» **Aim of the exercise**
Beginning at the line that holds "BAESD Women Fit & Flare Midi Dress, Blue", transcribe each line exactly through the end of the records, and leave any pictures out.

» **Data for review**
+---+
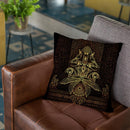 The Auspices Of Horus - Golden Throw Pillow By Yantart Designs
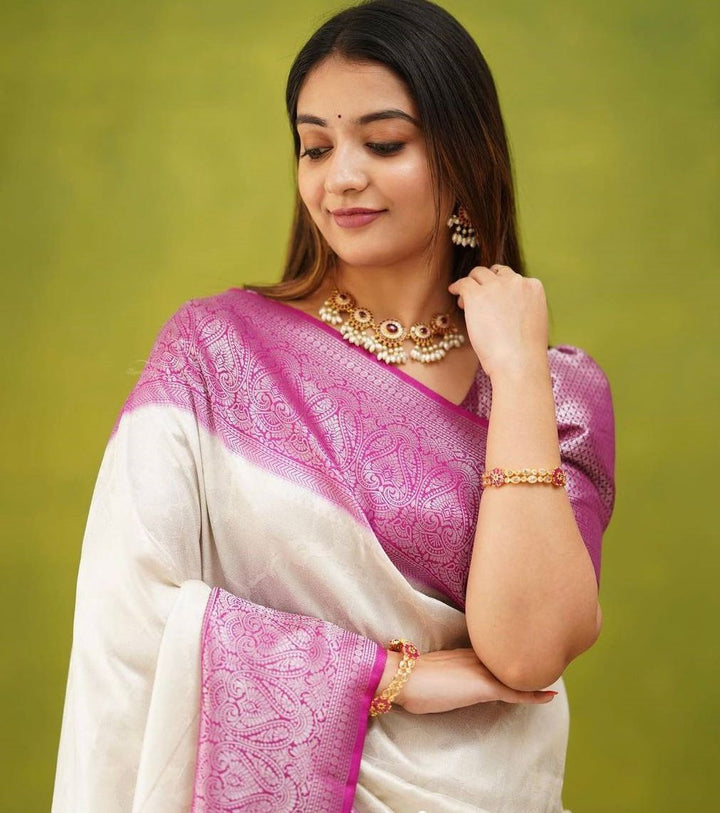 Elegant White and Pink Silk Saree with Intricate Banarasi Border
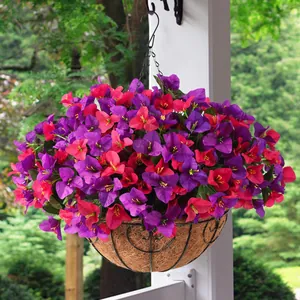 Künstliche Bougainvillea Seidenblumen Hängekorb Mit Kokosfaser Einlage Metallkette Für Außenbereich Garten Haus Dekoration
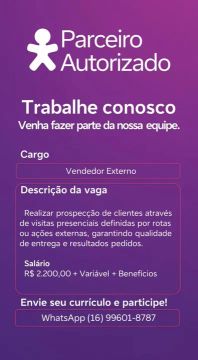 VENDEDOR EXTERNO - R$2.200,00 + Variável + Benefícios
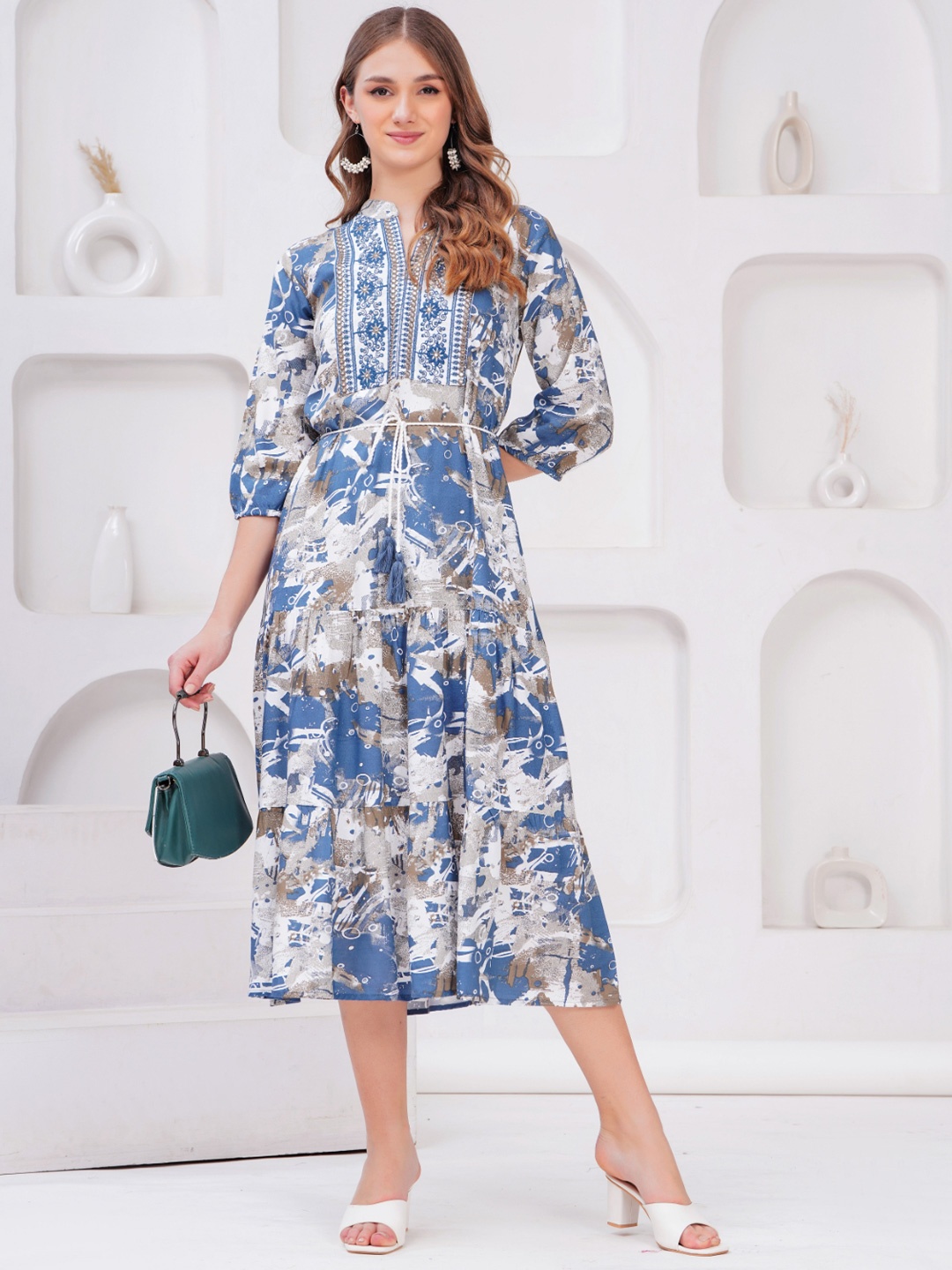 

BAESD Women Fit & Flare Midi Dress, Blue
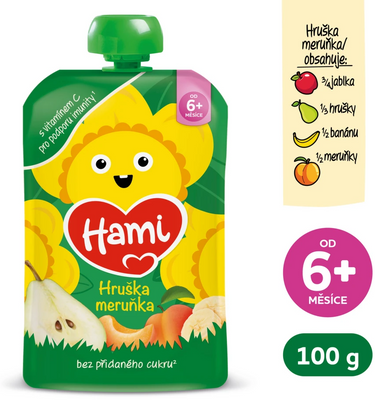 Hami příkrm kapsička Jablko, hruška, banán a meruňka 100 g
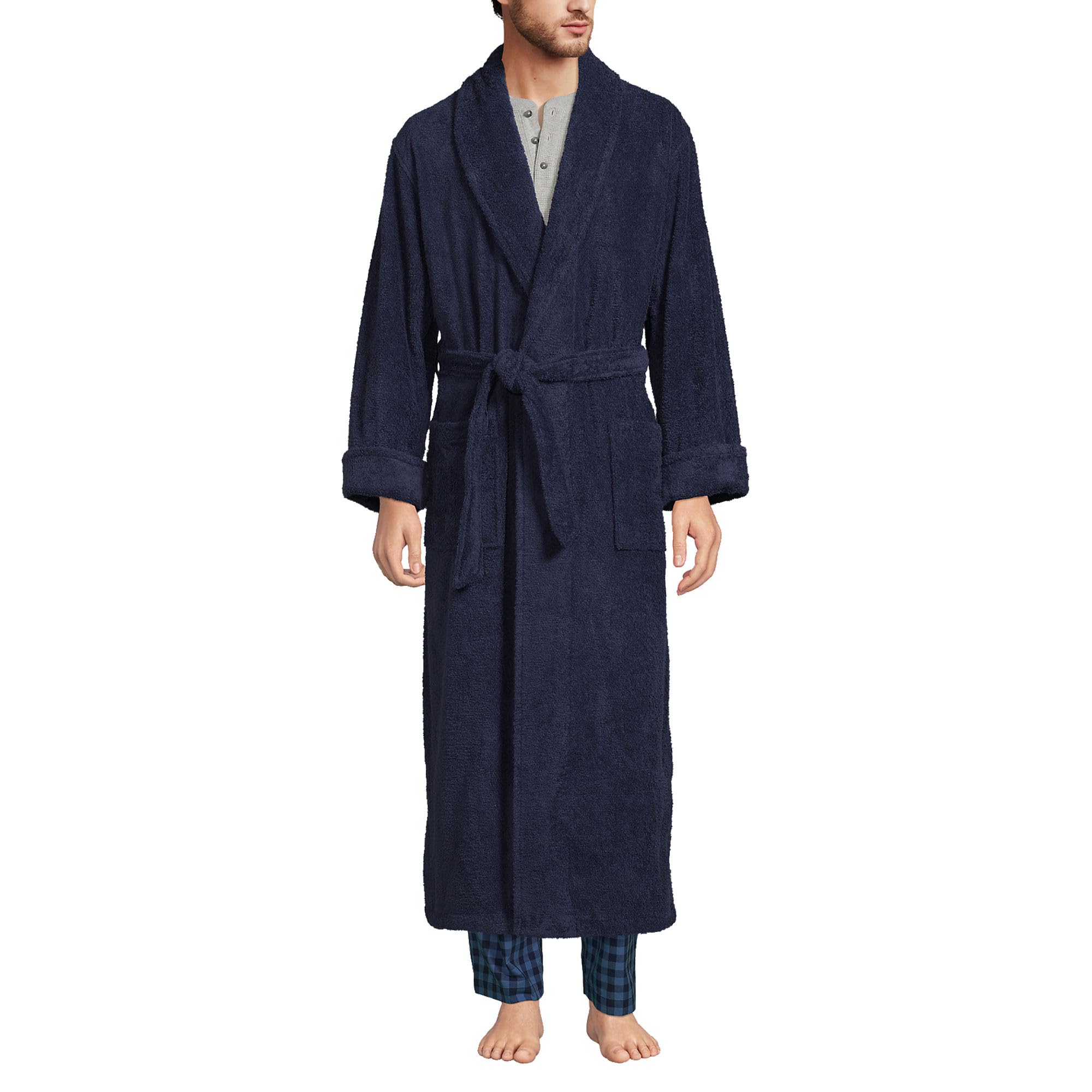 Lands' End Men's Full Length Turkish Cotton Terry Bathrobe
+---+
» **Output of the task**
BAESD Women Fit & Flare Midi Dress, Blue
 Hami příkrm kapsička Jablko, hruška, banán a meruňka 100 g
 Lands' End Men's Full Length Turkish Cotton Terry Bathrobe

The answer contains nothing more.